Le leader du groupe formé, payé et équipé par les États-Unis a publié un texte (en arabe) donnant les six raisons pour lesquelles il a changé de camp.

Mais selon un article assez bizarre du Washington Post, l’administration réfléchit déjà à une nouvelle stratégie pour remplacer celle qui consiste à infiltrer des combattants triés sur le volet, et qui a échoué :

«L’administration envisage de fournir des armes et des munitions à un éventail plus large de groupes rebelles en Syrie et d’assouplir ses critères de sélection, augmentant, de ce fait, l’implication de l’Amérique dans la guerre civile en cours.»

Donc, alors que les rebelles triés sur le volet passent à al-Qaida, la solution est d’assouplir les critères de sélection.

Mais c’est justement sans ou avec très peu de sélection que la CIA a payé, formé et équipé 10 000 combattants anti-syriens depuis le début de 2012. La plupart de ces combattants ont, comme le groupe formé par le Pentagone, vendu leurs armes et leurs munitions aux djihadistes ou les ont rejoints.
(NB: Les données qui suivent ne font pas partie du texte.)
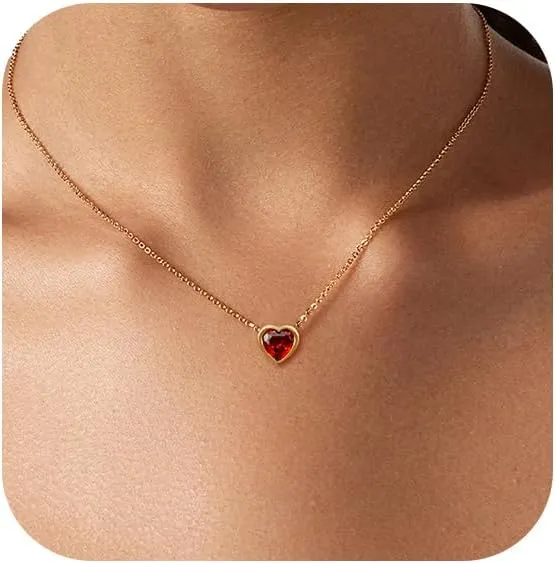 Cute Heart Necklace for Women Gold/Silver Plated Heart Pendant Choker Necklaces Tendy Love Heart Chain Necklace Dainty Gold/Silver Necklace Jewelry Gifts for Women
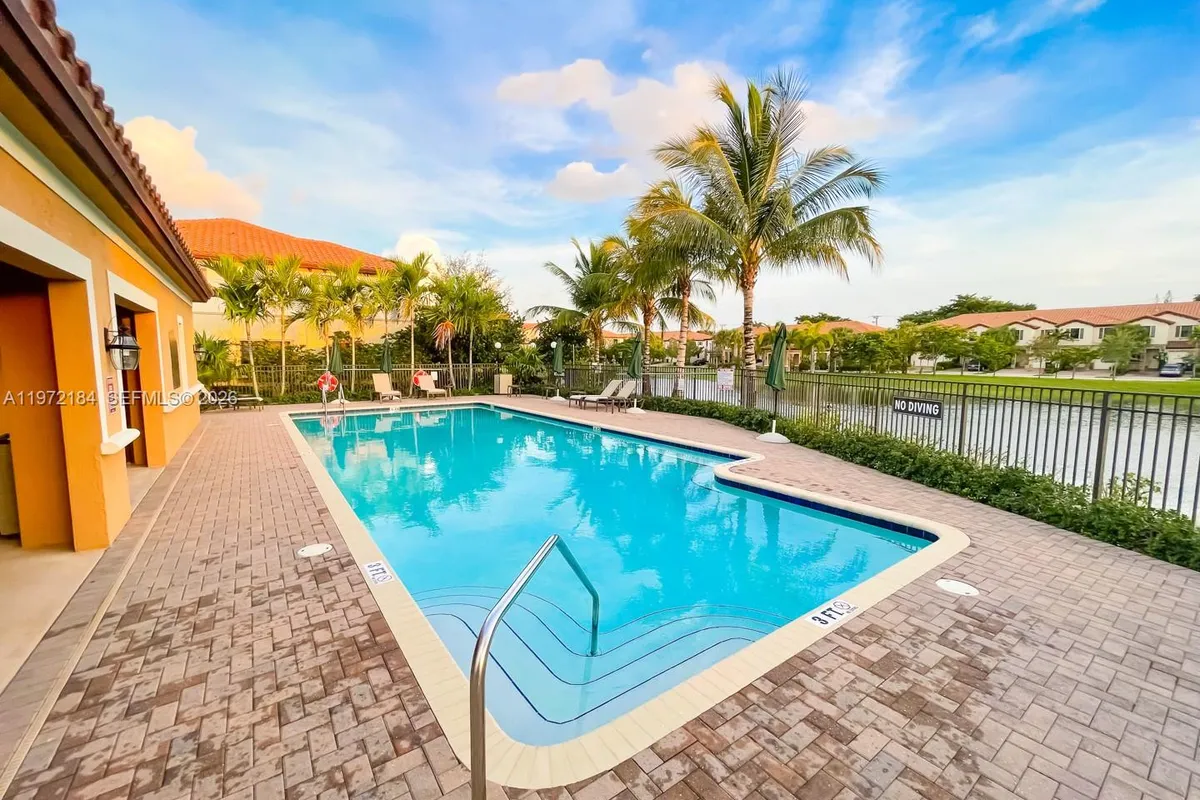 3993 S Allerdale Pl, Coconut Creek FL 33073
La sélection n’est donc pas du tout indispensable. Dans un communiqué d’AP sur les 14 civils syriens tués par les bombardements rebelles, hier, on peut lire :

«La coalition rebelle, connue sous le nom d’alliance de l’Armée de conquête, comprend la branche d’al-Qaida en Syrie, le Front Nusra et le groupe extrémiste Jund al-Aqsa, et elle est soutenue par la Turquie et l’Arabie saoudite

Reuters a publié, hier, un communiqué pour tenter de redorer l’image des djihadistes salafistes d’Ahrar al-Shams :

«Fortement soutenu par le voisin de la Syrie la Turquie, Ahrar al-Sham (les Hommes libres de Syrie) ont joué un rôle important tout au long des quatre années de guerre civile en Syrie – peut-être même le plus grand rôle de tous les groupes d’insurgés en dehors de État islamique.»

***

«Sous sa nouvelle direction, il essaie de se différencier d’al-Qaïda, suscitant la colère du Front Nusra et d’autres extrémistes. Mais son passé lié à al-Qaïda explique qu’Ahrar al-Sham ait toujours une relation spéciale avec le Front Nusra.

» Les rebelles, à l’intérieur de la Syrie, disent qu’Ahrar al-Sham a fourni beaucoup d’armes à Nusra. On ne sait pas s’il continue de le faire.

» Un ancien combattant de Nusra, qui a maintenant cessé la lutte, dit que Nusra et Ahrar avaient autrefois des relations étroites.

» Tout ce que je sais c’est que Nusra voit Ahrar comme leur source d’armes, en particulier dans certaines batailles», a-t-il dit.

Le Pentagone a soigneusement trié sur le volet les quelques mercenaires qu’il a envoyés en Syrie et ils ont rapidement rejoint Nusra. S’il passait, de même, au crible Ahrar als-Shams, son appréciation serait sûrement tout aussi positive. Toute l’histoire des rebelles triés sur le volet est une arnaque, la preuve en est que les États-Unis et leurs alliés n’ont jamais cessé d’approvisionner les islamistes non triés sur le volet qui luttent contre l’État syrien laïque .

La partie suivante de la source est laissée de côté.